Excerpts from a dataset
BEGIN
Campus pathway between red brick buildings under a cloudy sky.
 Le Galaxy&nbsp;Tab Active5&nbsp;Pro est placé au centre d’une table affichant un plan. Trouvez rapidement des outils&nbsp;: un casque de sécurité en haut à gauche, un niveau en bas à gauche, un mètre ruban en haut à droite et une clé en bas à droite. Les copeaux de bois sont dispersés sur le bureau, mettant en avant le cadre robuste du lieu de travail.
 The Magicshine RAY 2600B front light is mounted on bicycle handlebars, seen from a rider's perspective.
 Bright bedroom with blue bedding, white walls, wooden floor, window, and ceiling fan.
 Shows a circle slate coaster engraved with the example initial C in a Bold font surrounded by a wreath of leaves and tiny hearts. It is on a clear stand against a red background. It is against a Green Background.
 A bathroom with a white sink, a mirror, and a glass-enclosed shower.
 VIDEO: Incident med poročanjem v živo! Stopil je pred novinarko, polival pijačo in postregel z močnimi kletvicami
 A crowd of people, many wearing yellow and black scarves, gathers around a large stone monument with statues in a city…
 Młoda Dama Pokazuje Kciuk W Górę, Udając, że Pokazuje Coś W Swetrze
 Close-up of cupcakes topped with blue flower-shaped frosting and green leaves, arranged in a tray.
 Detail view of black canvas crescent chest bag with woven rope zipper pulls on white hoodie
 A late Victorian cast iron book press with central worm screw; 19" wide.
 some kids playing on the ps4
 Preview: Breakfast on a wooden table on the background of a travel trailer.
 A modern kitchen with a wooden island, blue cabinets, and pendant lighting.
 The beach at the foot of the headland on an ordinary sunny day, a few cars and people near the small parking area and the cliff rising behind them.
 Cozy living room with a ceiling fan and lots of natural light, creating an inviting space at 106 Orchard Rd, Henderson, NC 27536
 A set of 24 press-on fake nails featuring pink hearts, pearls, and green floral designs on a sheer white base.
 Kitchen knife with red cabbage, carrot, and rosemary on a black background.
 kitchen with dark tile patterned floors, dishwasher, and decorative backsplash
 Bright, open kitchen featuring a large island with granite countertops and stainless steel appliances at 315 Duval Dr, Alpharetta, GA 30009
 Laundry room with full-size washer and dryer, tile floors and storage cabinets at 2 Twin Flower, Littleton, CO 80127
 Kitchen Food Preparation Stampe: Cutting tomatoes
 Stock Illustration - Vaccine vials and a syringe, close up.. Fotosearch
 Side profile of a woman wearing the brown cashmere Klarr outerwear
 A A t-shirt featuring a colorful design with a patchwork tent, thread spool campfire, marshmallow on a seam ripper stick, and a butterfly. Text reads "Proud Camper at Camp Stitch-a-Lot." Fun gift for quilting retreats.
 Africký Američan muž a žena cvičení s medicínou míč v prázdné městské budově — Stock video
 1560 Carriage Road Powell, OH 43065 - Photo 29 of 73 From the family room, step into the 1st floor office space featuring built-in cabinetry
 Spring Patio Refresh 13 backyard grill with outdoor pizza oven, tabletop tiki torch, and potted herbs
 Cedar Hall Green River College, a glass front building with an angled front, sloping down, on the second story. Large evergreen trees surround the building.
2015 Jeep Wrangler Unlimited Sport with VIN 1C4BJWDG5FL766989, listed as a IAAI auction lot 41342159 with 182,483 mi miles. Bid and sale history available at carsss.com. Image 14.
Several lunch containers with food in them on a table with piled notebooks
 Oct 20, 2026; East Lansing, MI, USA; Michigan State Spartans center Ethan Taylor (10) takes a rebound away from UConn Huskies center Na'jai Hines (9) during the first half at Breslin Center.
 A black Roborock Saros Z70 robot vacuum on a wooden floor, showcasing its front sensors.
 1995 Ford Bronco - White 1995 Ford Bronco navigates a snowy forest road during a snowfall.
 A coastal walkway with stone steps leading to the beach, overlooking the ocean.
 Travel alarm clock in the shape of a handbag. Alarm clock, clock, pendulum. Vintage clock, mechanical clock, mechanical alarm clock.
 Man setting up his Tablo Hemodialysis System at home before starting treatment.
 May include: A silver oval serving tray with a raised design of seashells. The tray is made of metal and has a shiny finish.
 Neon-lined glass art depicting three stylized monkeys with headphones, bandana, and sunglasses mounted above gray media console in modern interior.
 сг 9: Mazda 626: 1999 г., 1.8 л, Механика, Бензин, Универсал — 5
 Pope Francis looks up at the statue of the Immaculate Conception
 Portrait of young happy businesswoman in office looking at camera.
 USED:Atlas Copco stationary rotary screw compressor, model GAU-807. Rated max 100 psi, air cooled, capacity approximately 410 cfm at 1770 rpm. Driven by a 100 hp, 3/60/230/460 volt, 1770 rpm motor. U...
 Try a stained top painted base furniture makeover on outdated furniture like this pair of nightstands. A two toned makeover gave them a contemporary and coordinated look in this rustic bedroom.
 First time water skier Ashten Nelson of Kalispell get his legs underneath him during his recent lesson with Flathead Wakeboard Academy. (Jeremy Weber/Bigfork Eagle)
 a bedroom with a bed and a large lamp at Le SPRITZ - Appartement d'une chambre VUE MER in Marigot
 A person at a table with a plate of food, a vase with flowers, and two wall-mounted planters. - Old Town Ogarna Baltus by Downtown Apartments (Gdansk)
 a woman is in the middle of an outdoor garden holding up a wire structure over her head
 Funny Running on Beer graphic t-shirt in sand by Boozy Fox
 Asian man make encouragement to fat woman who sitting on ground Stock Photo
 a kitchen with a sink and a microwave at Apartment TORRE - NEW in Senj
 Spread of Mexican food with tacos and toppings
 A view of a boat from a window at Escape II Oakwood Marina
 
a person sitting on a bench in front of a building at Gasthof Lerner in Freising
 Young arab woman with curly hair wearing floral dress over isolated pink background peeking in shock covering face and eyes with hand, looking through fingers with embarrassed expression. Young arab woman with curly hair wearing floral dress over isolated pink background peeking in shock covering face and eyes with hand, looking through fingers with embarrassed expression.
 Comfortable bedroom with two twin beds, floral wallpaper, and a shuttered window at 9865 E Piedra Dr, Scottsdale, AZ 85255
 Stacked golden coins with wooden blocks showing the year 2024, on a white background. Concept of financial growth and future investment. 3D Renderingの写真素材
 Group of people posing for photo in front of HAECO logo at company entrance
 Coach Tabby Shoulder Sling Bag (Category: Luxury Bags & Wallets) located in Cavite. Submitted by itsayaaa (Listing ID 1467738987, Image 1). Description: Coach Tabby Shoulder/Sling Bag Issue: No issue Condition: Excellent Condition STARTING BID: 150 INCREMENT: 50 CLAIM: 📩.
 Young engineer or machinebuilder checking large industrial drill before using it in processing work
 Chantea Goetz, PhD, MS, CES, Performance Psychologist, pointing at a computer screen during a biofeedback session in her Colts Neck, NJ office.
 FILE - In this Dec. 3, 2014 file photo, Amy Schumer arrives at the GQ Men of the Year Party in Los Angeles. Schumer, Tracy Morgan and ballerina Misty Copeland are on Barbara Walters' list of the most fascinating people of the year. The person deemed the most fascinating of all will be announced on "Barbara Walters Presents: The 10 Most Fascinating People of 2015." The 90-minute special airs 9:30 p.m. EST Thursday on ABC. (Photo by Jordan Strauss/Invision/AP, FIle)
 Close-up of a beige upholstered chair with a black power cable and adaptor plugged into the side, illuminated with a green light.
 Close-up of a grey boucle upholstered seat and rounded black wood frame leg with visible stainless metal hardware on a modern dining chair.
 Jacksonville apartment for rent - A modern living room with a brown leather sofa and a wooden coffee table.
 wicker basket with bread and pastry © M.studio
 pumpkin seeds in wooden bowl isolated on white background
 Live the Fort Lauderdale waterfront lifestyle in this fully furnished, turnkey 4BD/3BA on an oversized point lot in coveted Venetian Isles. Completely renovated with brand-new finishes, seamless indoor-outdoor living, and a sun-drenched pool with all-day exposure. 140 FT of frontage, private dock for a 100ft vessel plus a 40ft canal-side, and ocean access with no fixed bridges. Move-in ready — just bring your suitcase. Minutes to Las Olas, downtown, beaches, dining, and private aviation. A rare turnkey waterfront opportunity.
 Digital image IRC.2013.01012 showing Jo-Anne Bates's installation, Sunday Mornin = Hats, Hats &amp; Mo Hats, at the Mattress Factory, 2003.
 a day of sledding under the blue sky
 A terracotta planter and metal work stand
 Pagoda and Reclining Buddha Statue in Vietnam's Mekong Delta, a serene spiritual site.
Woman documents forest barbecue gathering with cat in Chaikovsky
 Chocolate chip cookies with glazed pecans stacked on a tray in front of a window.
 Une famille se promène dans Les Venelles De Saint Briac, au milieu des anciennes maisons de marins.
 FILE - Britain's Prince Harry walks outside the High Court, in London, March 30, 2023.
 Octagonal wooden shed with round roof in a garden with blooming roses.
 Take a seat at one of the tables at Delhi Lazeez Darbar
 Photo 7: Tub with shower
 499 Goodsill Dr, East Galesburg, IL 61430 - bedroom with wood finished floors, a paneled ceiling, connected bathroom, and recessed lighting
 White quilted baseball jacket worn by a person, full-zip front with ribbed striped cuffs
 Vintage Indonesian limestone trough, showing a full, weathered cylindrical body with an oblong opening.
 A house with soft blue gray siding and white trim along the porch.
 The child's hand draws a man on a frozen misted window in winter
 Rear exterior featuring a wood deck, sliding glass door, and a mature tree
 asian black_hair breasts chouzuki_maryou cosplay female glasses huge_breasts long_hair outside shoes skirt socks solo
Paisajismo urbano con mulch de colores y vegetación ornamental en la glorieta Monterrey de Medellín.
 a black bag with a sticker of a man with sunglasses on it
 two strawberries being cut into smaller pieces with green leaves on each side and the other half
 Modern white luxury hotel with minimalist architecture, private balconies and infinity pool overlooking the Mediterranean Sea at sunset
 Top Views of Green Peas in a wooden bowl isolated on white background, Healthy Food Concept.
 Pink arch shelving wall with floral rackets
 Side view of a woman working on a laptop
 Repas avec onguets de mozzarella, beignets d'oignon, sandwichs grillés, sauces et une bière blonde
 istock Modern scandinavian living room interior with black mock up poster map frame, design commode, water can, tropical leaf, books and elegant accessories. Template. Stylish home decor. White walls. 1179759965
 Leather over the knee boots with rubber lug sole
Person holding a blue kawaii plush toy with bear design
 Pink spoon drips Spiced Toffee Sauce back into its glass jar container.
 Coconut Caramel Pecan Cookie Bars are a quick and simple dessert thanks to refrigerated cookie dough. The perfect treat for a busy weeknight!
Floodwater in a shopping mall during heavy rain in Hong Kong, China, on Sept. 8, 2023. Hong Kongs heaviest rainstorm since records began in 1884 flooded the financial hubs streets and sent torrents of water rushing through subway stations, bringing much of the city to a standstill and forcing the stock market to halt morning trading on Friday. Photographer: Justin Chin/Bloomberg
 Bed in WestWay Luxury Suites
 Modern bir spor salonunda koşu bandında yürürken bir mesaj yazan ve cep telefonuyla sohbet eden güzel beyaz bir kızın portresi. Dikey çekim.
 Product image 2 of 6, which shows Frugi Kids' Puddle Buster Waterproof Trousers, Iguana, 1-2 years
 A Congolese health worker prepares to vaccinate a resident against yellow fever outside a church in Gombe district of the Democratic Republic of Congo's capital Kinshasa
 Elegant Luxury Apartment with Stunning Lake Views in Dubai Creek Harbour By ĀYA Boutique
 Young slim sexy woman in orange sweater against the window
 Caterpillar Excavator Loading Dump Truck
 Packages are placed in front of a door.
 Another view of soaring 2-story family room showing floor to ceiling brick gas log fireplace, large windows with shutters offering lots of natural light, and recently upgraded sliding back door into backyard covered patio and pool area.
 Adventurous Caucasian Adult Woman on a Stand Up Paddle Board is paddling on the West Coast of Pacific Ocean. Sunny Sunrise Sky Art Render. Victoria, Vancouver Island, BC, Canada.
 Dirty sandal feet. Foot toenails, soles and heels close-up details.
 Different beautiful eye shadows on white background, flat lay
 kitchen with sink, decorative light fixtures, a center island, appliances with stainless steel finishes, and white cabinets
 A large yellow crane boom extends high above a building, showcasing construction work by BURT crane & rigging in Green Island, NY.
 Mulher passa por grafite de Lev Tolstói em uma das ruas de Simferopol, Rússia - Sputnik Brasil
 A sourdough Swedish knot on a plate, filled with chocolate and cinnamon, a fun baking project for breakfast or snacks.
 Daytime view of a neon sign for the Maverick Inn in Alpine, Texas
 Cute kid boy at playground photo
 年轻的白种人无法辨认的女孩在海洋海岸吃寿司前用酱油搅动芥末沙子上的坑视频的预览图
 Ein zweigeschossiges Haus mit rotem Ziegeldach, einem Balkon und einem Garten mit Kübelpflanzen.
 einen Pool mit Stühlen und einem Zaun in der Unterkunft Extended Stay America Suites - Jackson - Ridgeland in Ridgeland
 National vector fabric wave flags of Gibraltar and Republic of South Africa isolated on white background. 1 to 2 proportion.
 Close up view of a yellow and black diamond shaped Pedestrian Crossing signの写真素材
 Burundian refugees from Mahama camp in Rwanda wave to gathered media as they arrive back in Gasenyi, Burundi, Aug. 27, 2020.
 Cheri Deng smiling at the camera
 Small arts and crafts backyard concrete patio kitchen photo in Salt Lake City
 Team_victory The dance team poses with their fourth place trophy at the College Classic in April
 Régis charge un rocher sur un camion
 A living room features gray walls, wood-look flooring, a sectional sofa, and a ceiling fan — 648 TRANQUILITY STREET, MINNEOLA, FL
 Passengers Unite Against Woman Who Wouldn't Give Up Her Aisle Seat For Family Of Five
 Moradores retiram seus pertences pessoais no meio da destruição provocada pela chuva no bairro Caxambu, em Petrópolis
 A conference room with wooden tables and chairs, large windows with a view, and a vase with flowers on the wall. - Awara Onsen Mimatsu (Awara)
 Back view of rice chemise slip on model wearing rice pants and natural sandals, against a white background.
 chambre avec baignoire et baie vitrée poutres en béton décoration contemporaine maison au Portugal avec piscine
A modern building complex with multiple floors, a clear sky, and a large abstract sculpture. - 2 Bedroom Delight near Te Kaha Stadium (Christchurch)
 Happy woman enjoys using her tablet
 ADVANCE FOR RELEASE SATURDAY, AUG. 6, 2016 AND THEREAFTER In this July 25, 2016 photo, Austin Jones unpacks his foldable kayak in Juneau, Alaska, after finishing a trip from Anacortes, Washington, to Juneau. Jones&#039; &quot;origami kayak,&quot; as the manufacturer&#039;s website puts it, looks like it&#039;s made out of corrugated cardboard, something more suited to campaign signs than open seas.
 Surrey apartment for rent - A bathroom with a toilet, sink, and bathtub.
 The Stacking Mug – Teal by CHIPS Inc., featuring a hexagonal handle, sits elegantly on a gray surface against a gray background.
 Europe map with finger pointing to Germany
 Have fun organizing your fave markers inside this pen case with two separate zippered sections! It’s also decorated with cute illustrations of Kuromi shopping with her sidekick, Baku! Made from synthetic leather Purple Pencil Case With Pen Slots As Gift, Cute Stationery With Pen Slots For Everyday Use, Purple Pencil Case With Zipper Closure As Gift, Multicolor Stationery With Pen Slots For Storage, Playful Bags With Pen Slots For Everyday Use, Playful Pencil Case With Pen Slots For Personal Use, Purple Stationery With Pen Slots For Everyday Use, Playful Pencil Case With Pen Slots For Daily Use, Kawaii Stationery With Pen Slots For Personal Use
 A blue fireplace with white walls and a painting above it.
END
What the exercise asks
If a line in the entries above contains "Views", report it.

The completed task
 Top Views of Green Peas in a wooden bowl isolated on white background, Healthy Food Concept.
 Elegant Luxury Apartment with Stunning Lake Views in Dubai Creek Harbour By ĀYA Boutique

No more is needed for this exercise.